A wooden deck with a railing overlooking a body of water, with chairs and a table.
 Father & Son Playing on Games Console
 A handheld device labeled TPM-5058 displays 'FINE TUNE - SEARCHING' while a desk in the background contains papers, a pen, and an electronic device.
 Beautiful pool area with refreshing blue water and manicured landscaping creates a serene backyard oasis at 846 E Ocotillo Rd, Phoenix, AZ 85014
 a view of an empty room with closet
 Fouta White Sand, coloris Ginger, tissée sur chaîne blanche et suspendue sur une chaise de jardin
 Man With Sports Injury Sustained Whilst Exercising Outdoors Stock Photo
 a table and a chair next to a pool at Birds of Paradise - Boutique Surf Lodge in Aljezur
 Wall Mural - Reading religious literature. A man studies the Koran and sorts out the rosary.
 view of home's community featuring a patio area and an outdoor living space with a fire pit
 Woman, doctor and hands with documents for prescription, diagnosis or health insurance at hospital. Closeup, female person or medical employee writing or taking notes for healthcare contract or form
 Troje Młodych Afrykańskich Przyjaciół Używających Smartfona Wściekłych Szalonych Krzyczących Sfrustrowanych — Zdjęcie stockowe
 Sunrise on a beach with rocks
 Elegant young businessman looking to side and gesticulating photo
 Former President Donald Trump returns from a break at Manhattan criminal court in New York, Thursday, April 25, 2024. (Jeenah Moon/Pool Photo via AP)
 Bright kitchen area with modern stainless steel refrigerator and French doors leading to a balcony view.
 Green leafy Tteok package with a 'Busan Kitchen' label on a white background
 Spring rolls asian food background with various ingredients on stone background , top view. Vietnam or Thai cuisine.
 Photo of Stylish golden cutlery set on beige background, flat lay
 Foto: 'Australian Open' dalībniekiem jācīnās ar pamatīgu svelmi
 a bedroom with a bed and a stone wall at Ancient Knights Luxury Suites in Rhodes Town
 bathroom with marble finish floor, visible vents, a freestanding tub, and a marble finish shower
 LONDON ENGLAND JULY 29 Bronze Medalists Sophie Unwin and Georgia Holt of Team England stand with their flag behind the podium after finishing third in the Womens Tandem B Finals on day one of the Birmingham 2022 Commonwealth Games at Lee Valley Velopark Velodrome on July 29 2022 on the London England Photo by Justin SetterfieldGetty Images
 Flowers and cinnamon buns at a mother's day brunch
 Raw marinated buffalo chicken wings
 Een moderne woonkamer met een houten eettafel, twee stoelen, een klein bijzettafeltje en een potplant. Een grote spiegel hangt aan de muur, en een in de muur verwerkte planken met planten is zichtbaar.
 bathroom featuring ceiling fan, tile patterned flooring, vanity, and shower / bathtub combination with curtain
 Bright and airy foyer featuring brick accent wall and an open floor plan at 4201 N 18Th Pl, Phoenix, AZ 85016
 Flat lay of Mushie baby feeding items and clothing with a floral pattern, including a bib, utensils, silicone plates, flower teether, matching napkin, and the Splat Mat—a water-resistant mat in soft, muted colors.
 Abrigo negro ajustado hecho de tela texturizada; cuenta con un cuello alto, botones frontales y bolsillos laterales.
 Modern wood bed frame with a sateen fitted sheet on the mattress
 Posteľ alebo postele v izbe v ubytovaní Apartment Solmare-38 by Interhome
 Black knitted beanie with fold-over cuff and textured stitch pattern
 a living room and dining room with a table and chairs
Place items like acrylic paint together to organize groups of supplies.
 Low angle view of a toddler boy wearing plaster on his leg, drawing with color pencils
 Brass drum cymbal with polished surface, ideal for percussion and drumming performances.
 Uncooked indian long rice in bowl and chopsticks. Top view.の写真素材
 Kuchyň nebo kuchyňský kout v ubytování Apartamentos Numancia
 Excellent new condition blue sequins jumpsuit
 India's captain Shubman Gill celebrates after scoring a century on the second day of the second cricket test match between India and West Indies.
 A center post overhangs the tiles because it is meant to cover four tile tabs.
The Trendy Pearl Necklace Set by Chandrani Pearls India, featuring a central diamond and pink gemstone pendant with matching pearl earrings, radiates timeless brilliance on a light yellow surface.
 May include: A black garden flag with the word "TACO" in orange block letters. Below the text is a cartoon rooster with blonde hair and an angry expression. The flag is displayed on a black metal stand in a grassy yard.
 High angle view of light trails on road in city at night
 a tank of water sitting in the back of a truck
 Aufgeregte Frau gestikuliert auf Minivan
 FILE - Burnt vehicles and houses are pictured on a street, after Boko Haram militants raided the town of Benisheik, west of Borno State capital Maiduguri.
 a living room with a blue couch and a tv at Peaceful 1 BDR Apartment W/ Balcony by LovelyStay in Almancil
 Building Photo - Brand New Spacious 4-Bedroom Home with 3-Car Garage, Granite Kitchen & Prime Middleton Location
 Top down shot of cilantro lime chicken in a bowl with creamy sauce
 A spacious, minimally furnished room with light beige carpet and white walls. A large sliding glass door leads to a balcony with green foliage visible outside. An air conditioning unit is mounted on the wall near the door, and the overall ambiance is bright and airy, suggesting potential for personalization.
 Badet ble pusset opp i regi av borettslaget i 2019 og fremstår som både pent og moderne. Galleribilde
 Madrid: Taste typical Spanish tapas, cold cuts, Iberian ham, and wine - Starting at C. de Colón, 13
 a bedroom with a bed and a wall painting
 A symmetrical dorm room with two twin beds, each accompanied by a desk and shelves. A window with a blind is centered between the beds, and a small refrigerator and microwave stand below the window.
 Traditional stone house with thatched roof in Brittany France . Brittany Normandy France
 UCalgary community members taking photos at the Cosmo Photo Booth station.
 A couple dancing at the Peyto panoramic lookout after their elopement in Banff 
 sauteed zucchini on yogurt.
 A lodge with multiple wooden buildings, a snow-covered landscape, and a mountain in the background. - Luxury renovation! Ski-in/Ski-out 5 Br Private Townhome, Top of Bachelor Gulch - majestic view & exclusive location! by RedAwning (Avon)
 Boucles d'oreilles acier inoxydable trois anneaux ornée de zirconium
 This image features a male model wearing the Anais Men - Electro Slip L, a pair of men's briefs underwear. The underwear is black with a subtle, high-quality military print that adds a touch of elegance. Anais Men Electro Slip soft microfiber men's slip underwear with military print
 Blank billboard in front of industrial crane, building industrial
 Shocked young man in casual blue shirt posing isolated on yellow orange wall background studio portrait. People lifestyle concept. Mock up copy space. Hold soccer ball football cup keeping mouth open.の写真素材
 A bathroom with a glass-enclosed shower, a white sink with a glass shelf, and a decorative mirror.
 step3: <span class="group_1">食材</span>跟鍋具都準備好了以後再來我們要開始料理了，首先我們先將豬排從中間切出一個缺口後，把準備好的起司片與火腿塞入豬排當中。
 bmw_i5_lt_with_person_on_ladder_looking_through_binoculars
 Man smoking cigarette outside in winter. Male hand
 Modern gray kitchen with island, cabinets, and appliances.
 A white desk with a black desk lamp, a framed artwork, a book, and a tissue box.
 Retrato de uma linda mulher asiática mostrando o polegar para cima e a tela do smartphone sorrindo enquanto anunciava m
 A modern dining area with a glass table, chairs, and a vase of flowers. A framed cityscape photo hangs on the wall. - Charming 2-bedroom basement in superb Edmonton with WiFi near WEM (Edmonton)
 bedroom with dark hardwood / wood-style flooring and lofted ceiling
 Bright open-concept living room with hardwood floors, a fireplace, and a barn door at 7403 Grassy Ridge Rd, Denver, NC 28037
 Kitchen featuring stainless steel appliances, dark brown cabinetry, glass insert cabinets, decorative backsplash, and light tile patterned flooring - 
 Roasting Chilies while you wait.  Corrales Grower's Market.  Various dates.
──────────
Write out, from the lines above, only those from the line with "bedroom with dark" to the line with "Bright open-concept living", exactly as given, including the first and the last.

 bedroom with dark hardwood / wood-style flooring and lofted ceiling
 Bright open-concept living room with hardwood floors, a fireplace, and a barn door at 7403 Grassy Ridge Rd, Denver, NC 28037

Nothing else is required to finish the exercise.